Happy with the success of his maiden production, Siddharth talks about the refreshing campus story and what makes him tick with college goers.
‘Failure' is not a word that a first-time producer or director would want as part of their film's title. But actor Siddharth and director Balaji Mohan were not the ones to succumb to superstition. Their small film is getting all the whistles, from moviegoers and critics alike, and producers Siddharth and Sashikant are happy that word-of-mouth publicity has strengthened the film at the box office in its second week.
In an interview to MetroPlus on the sidelines of the film's success meet, Siddharth retraces the making of Love Failure, his success as a romantic hero and what's in store for him.
Siddharth and Sashikant (whose Y Not Productions backed the sparkling Tamizh Padam and Va Quarter Cutting) happened to meet at a party in Chennai and discovered that both of them were on the lookout for young director Balaji Mohan whose Tamil short film, Kadhalil Sodhappuvadhu Eppadi (How to mess up in love), with a run time of 9.29 minutes, was a rage on social networking sites.
Siddharth recalls, “Balaji wanted to develop his short film into a feature film even before we met. I first met him after he had developed the screenplay. It was the most well structured script I had read in years.”
Twenty four year-old Balaji Mohan is the 10th first-time director Siddharth has worked with. “It was never my intention to only work with first timers. I just don't seem to fit in the scheme of established directors. I've stopped trying to analyse why that is the case,” says Siddharth. The actor lauds Balaji for his clarity. “He is also an editing student and that made him a unique director,” adds Siddharth.
Siddharth is a favourite with college goers and is identified with feel-good romances. Ironically, in all his 12 years in the industry, he hasn't been part of a campus caper. “I've always wondered why we don't make enough campus films. I've turned down many college-based stories because I found the artificial depiction of college life difficult to digest,” says Siddharth. He mentions how Balaji wanted a realistic look. “In my college days, I was comfortable wearing checked shirts, a sling bag across my shoulders and a pair of chappals. That's the look we used for the film,” he adds.
Boy next door image
At 32, Siddharth is happy he can connect to college goers. “I hope to do many more campus films before it's too late,” he says. His appeal, he feels, lies in his every man image. “The boy next door tag coupled with the fact that I have great music and beautiful cinematography in all my films makes it easy for me to attract younger audiences. That I predominantly do romantic films is also an asset. Very few actors prefer romance as a genre the way I do,” he states.

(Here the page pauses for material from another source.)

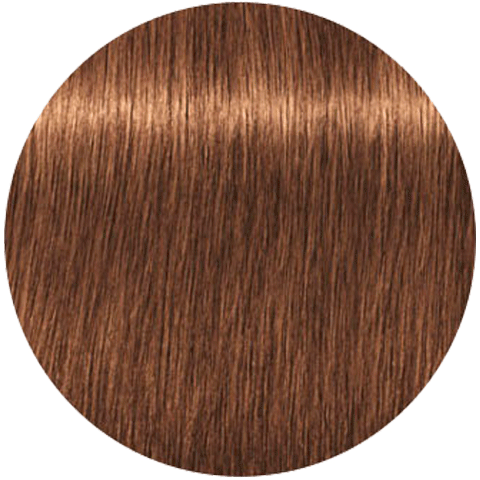 Schwarzkopf Igora Royal New 7-55 (Средний русый золотистый экстра) - Краска для волос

For Love Failure, he was also a hands-on producer and took the risk of distributing the film. Was it tough juggling multiple roles? “I take myself very seriously. My love for my film made it easy to take on way more responsibility than would seem practical. All my risks were, at the end of the day, still conservative because the budget was fairly low. So money did not drive any decisions. I refused to let people who don't understand my film be part of it in any way. This was one of the more enjoyable and positive working experiences of my career,” he says.
A Hindi remake is on the cards and Siddharth states that it's too early to disclose the details. “In all probability, very few adjustments will be made to this team as everyone really enjoys working together,” is all that he reveals.
2012 will see Siddharth in diverse films — Deepa Mehta's Midnight's Children, Sukumaradu by Ashok, Nandini Reddy's new film, a Hindi film by David Dhawan and a film by Vetrimaaran. “It's an important and exciting year. I can't wait to see what it has in store for me,” he sums up.